Recently, the FAIR team of Meta and researchers from the Hebrew University of Jerusalem jointly released a new study showing that reducing the inference time of large language models can significantly improve their performance in complex reasoning tasks. The research results show that AI models using shorter inference chains have improved accuracy by 34.5%, challenging assumptions in the current AI industry.

Metaverse Science Fiction Cyberpunk Painting (1)Large Model

Source of Image: Images generated by AI, licensed by MidJourney

In this study, the authors pointed out that long reasoning chains do not necessarily lead to better reasoning ability but may result in wasted computing resources. In the past, many companies invested heavily in expanding computing capabilities in hopes that AI could solve complex problems through detailed steps. However, this study shows that shorter reasoning processes not only improve accuracy but also significantly reduce computing costs.

The research team proposed a new method called "short-m@k," which can execute multiple reasoning attempts in parallel and immediately stop computation after a few processes are completed. The final answer is selected through majority voting among these shorter reasoning chains. The results show that this method can reduce computing resources by up to 40% while maintaining performance. This approach provides important reference for organizations deploying large AI inference systems, allowing significant cost savings.

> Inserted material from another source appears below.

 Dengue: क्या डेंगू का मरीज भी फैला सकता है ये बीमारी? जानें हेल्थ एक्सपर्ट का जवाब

Additionally, the study found that using shorter reasoning instances during AI model training can further enhance model performance. This contradicts previous assumptions that longer reasoning training leads to better performance. In fact, shorter training instances yield better results.

In the AI industry, companies often rush to deploy more powerful models, which usually consume huge amounts of computing resources. This study's findings prompt technical decision-makers to rethink the computational methods used when testing LLMs (large language models). The research shows that prolonged "thinking" does not necessarily improve performance but may lead to declining results instead.

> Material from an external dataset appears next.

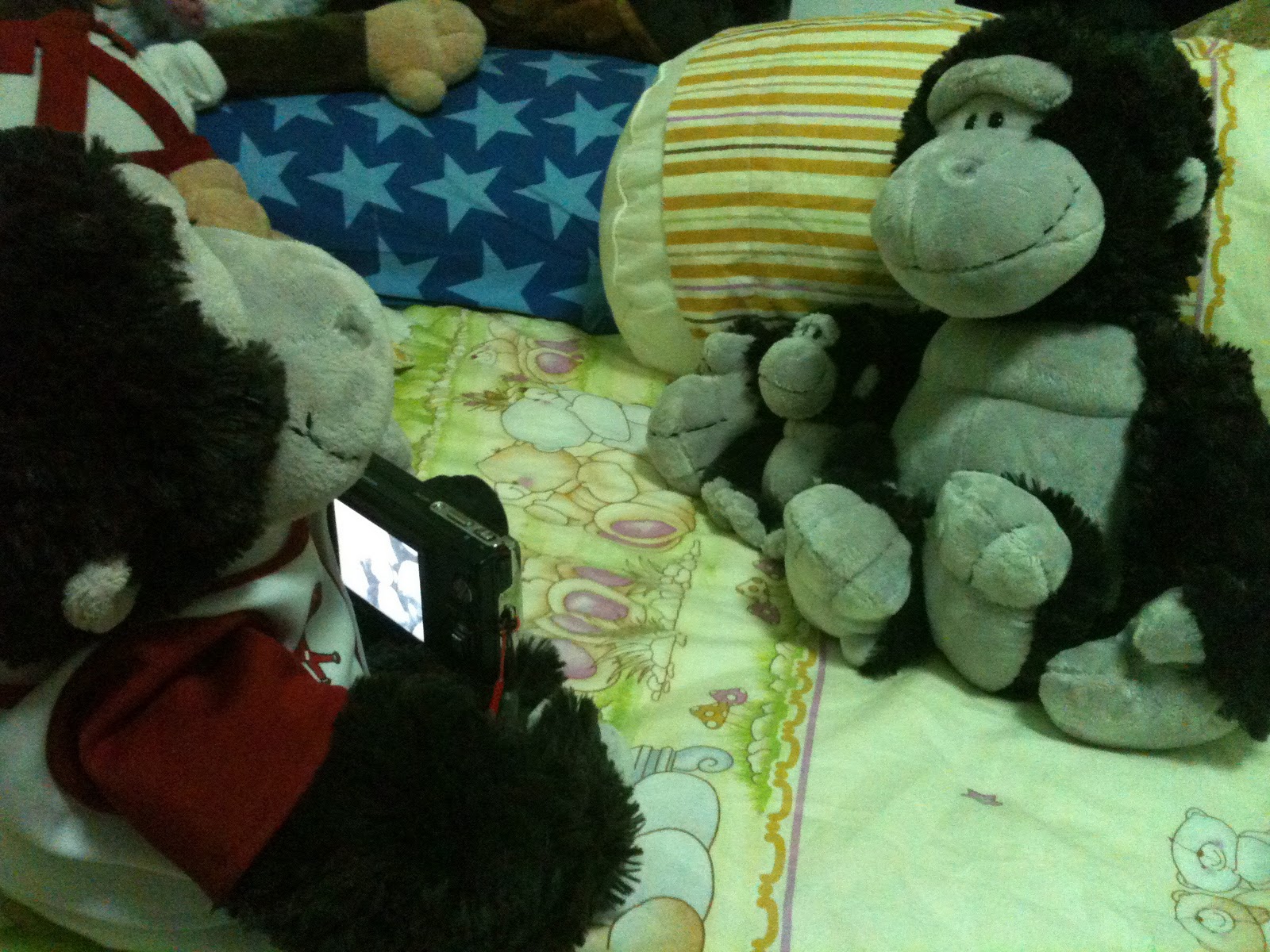 Nici Gorilla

This research outcome holds significant importance for technology giants looking to save computing costs and improve performance. In an industry focused on expansion, teaching AI to think more simply not only saves computing resources but also enhances intelligence levels. Ultimately, artificial intelligence also benefits from the ancient wisdom of "not overthinking."

Key Points:  

🌟 Research finds that simplifying reasoning chains improves AI model accuracy by 34.5%.  

💡 The new method "short-m@k" can reduce computing costs by 40%.  

📈 Training with short reasoning instances further enhances AI performance, contradicting previous assumptions.